I agree! Imo you can't find a better food.


----------



## marilynmonroe

This is what I use to gut load my nightcrawlers, liquid zoe and shoot-up the worm. I got the syringe at the Pharm for about a $1.00.


----------



## Smoke

marilynmonroe said:


> This is what I use to gut load my nightcrawlers, liquid zoe and shoot-up the worm. I got the syringe at the Pharm for about a $1.00.


WoW


----------



## BRUNER247

DAMN bangn Zoe. Your hardcore!better watch it you'll give your fish AIDS doing that.


----------



## JeFFLo

marilynmonroe said:


> This is what I use to gut load my nightcrawlers, liquid zoe and shoot-up the worm.
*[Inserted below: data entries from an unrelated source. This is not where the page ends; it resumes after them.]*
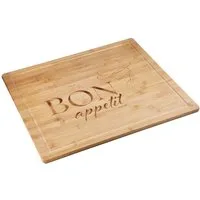 KESPER® Herdblende-/Abdeckplatte Schneidebrett, Bon appetit, Bambus, (1 tlg), mit vier Bambusfüßen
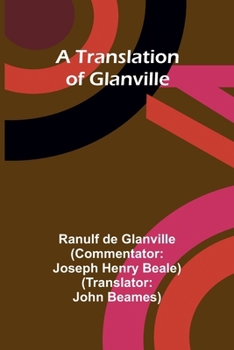 Paperback A translation of Glanville Book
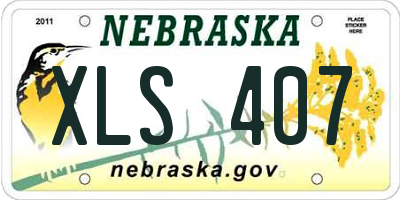 NE license plate XLS407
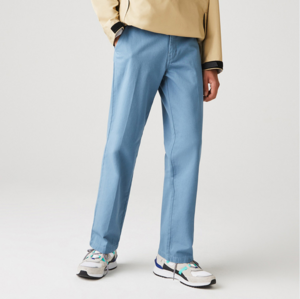 LACOSTE 法國(guó)鱷魚 男式簡(jiǎn)約復(fù)古舒適純棉休閑褲 HH1188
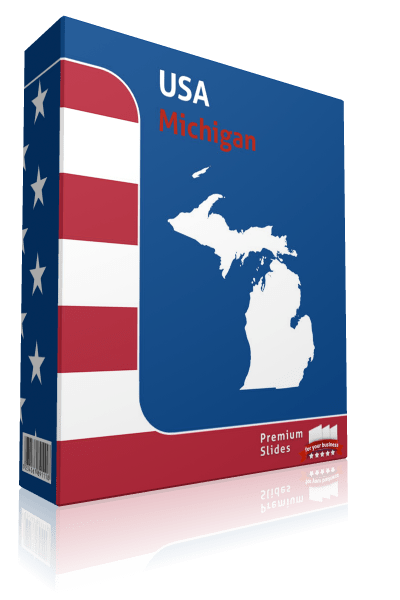 Michigan County Map Template for PowerPoint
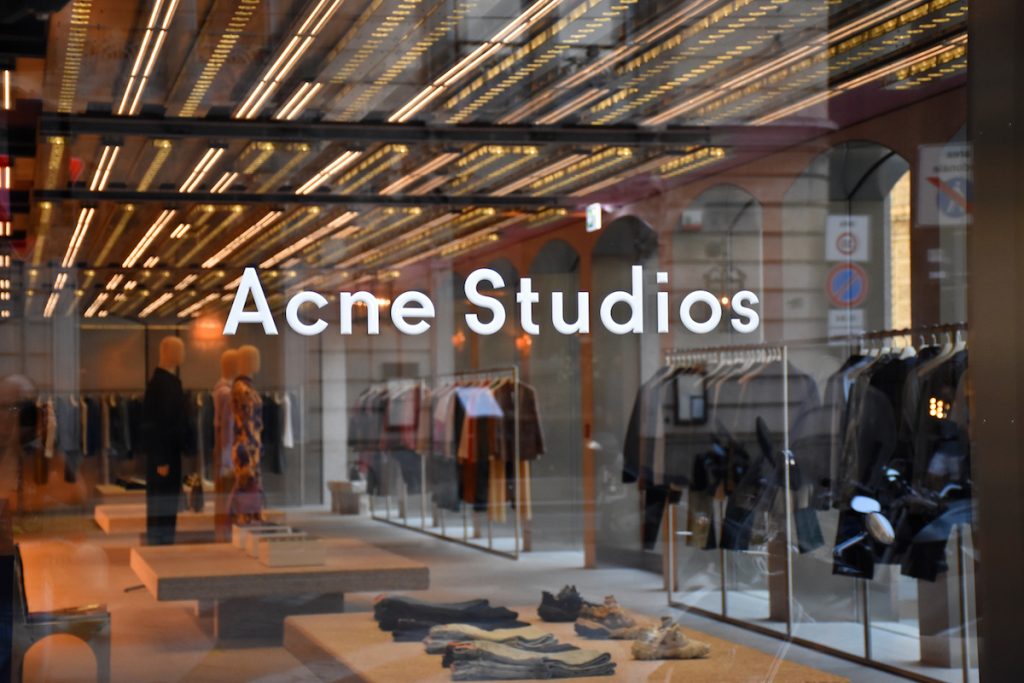 Acne Studios Store. Image by Balazs Sebok via Shutterstock.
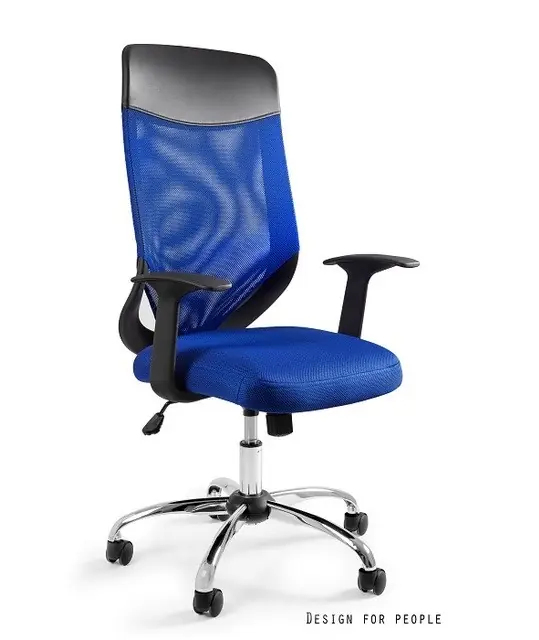 Unique Mobi Plus Fotel biurowy niebieski W-952-7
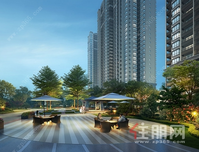 大嘉汇康悦最后一栋8#毛坯房在售，户型为91-115㎡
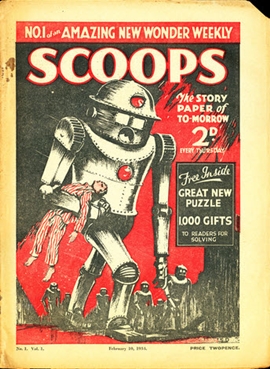 Scoops 1934 February 10 first issue cover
I got the syringe at the Pharm for about a $1.00.


did you have to squeeze the liquid out of the nightcrawler before you shot it up with the zoe?


----------



## JeFFLo

ok so what i did was instead of stuffing em, i went out and bought hikari cichlid gold pellets, crushed them up and mixed it with the mulch that the nightcrawlers are in along with some veggies and a vitamin supplement. im not sure what effect this will have on the worms but i assume it could be nothing but beneficial. thanks for your guys' input


----------



## Inflade

marilynmonroe said:


> This is what I use to gut load my nightcrawlers, liquid zoe and shoot-up the worm. I got the syringe at the Pharm for about a $1.00.


excellent idea.


----------



## Redruckus

i know if you gut load worms with garlic they turn neon green/chartruse in a week or 2


----------



## Briaan

Could I mash some pellets in a sludge n shoot it into the worms? Or would the vitamin supp better?


----------



## JeFFLo

i thought about that too brian, it should work if the pellets are crushed up fine enough. let me know how it works out if you decide to try it.


----------



## Briaan

My idea is to make a sludge, but we will need a liquid, and instead of water i was thinking of usig the vitamin supplement? And finely grinded pellets (powder, the magic bullet or food processor would work) with vitamin supplement to make it sludgy(more liquidly, not so thick but not so liquidly) and then injected into a night crawler, best of both worlds, but I would think you need a thicker syringe, and a thicker needle or injecting would be more difficult then it should be.


----------